- Arctic Monkeys – ‘AM’
It all started with those drums. We don’t just mean the languid stomp of opener ‘Do I Wanna Know?’ or the showy solo at the start of ‘R U Mine?’. No – we mean the way that as soon as you heard ‘AM’ erupt out of your speakers for the first time it was clear that from now on the Arctic Monkeys were moving to a different beat.
They were thieves, of course, but they were good at it. The band cheerfully admitted to nicking a few ideas from the likes of Dr Dre, Outkast and Aaliyah, but what was really remarkable was the sheer range and scope of their rampant looting. They stole from hip hop, glam, Motown, rock’n’roll, R&B and even doo-wop with equal ease and evident delight. They picked Phil Spector’s pockets and mugged John Lennon. They lifted that “Mad sounds/In your ears” bit from a song by their early producer Alan Smyth. For the finale, they just straight-out plagiarised a John Cooper Clarke poem. Somebody should have called the police.

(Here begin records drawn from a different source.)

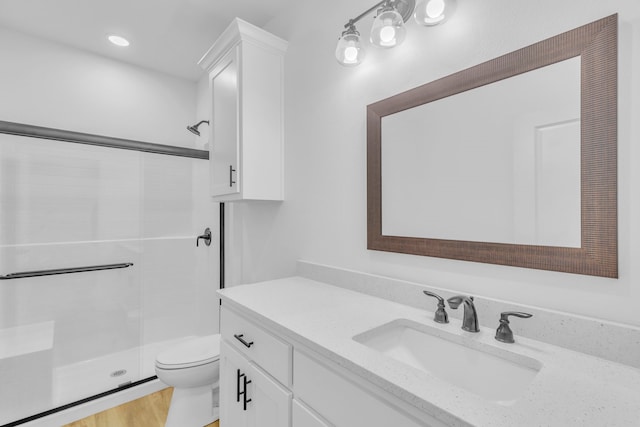 bathroom featuring vanity, toilet, hardwood / wood-style floors, and an enclosed shower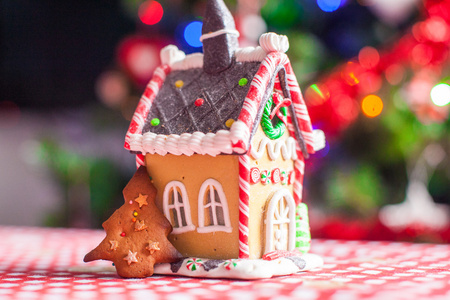 装饰明亮的圣诞树花环与背景上的甜蜜糖果的姜饼屋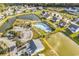 Aerial view of community featuring pool, lake, and playground at 1166 Bethpage Dr., Myrtle Beach, SC 29579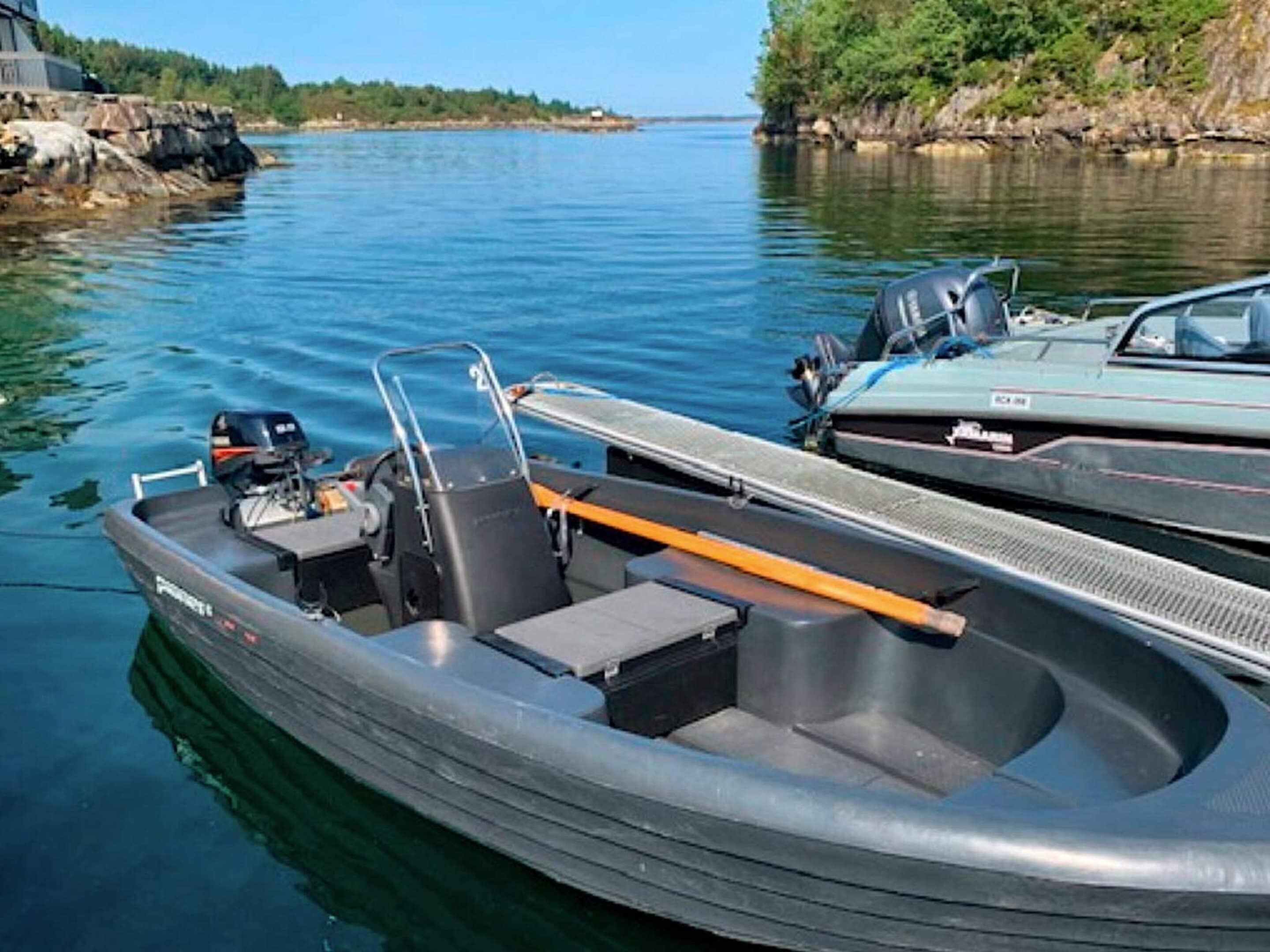 Een klein opblaasbaar bootje aangemeerd aan een steiger, met een motor en zitgedeelte.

This disparate collection of pilfered genres and stolen sounds came together seamlessly with Turner’s too-clever-by-half lyrics about love, lust and the grey area in-between. It’s still hard to get over the elegantly sketched scene in the car in ‘Arabella’, which ends with the phenomenal line: “The horizon tries but it’s just not as kind on the eyes.” The man can chirpse. He had us at: “I’m sorry to interrupt/It’s just I’m constantly on the cusp/Of trying to kiss you.” But ‘AM’ was about so much more than just chat-up lines. What about the lovely, melancholy double meaning of: “Leave me listening to the Stones/2000 Light Years From Home”? The writing is sharply-observed, sometimes self-lacerating and often laugh-out-loud funny. There were a lot of great albums released in the 2010s but only one of them features prominent lyrical references to both Mean Streets and Thunderbirds.
What it all amounted to was as good a portrait of what it was like to be staying out too late and getting into trouble in the 2010s as anyone wrote in any medium, with the added bonus that it was also really fun to dance to. That meant it connected with people. It sold more copies than One Direction’s ‘Up All Night’. It became the soundtrack for countless nights out, hook-ups and comedowns in every town and city of this country. It was the album of the decade.